In the Ketroser case, relators alleged that the defendant violated the FCA when it submitted one written report, rather than two, as part of a pathology analysis incorporating a two-stage testing process. According to relators, because the CPT codes for the tests were both included in a section of the Medicare Codebook that required “reporting,” Medicare expected Mayo, to create two separate written reports. Mayo responded that it created a written report of the first test, and more broadly “reported” the results of the second test through oral communications between physicians and supplemental written comments as needed.
The court affirmed the district court’s dismissal of the claim based on relators’ failure to submit any “specific evidence” that Medicare considered separate written reports to be a material condition of payment. In this regard, the court joined other Circuits, including the Second, Fifth, Sixth, Seventh, and Ninth, in holding that pleading a “claim of regulatory noncompliance” does not satisfy FCA pleading requirements.
Furthermore, the court suggested that even if Medicare had expected a separate written report as a condition of payment, the Codebook’s “reporting” requirement was ambiguous, and Mayo’s reasonable interpretation negated any inference that Mayo had “knowingly” submitted a false claim. As other courts have held (see related posts here and here), the Eighth Circuit reiterated that where a defendant’s “interpretation of the applicable law is a reasonable” one, relators fail to plead the requisite scienter under the FCA.
Posted by Ellyce Cooper and Patrick Kennell
In May of 2009, DOJ and HHS partnered to establish the Health Care Fraud Prevention and Enforcement Action Team (HEAT) to “focus efforts to reduce and prevent Medicare and Medicaid financial fraud through enhanced cooperation.” The latest settlement to come out of this partnership was for $26 million against a network of hospitals in Florida — Shands Healthcare. (United States of America and the State of Florida ex rel. Terry L. Myers v. Shands Healthcare, et al., No. 3:08-cv-441-J-16 (M.D. Fla. Apr. 30, 2008).
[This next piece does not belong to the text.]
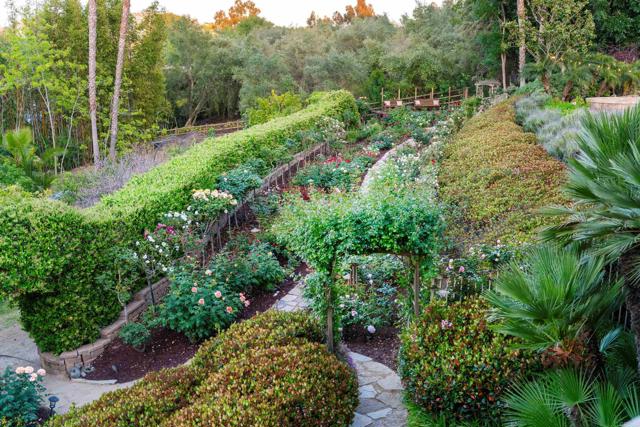 17037 El Mirador, Rancho Santa Fe CA: https://media.crmls.org/mediaz/4cddf363-4ea5-408f-bbb2-81b5dd6878f6.jpg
Six of Shands Healthcare’s Florida hospitals were defendants in a qui tam FCA lawsuit filed by the president of a healthcare consulting firm. The crux of Relator’s fraud based claims was that the hospitals billed Medicare, Medicaid and TRICARE “for inpatient procedures that should have been billed as outpatient services.”
The settlement will be split between federal agencies and the State of Florida, with the vast majority going to federal agencies. The realtor’s portion of the recovery has yet to be determined.
DOJ and HHS took the opportunity to again emphasize their “tireless” effort to “seek justice” in healthcare fraud cases. The DOJ Press Release providing more details on the settlement is available here. Note that since January 2009, DOJ has recovered $10.8 billion from cases involving alleged fraud against federal health care programs.